» **Work item**: Every entry here needs to be repeated exactly.

+-------+

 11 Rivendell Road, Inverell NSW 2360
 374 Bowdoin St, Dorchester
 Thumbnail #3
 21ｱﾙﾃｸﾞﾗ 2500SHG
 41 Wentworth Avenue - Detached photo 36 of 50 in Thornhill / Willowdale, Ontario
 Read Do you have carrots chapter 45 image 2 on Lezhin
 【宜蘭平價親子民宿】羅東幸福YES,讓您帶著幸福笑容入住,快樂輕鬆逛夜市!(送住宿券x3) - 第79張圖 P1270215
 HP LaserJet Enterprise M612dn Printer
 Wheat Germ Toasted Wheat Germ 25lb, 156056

+-------+

» **Response**:
 11 Rivendell Road, Inverell NSW 2360
 374 Bowdoin St, Dorchester
 Thumbnail #3
 21ｱﾙﾃｸﾞﾗ 2500SHG
 41 Wentworth Avenue - Detached photo 36 of 50 in Thornhill / Willowdale, Ontario
 Read Do you have carrots chapter 45 image 2 on Lezhin
 【宜蘭平價親子民宿】羅東幸福YES,讓您帶著幸福笑容入住,快樂輕鬆逛夜市!(送住宿券x3) - 第79張圖 P1270215
 HP LaserJet Enterprise M612dn Printer
 Wheat Germ Toasted Wheat Germ 25lb, 156056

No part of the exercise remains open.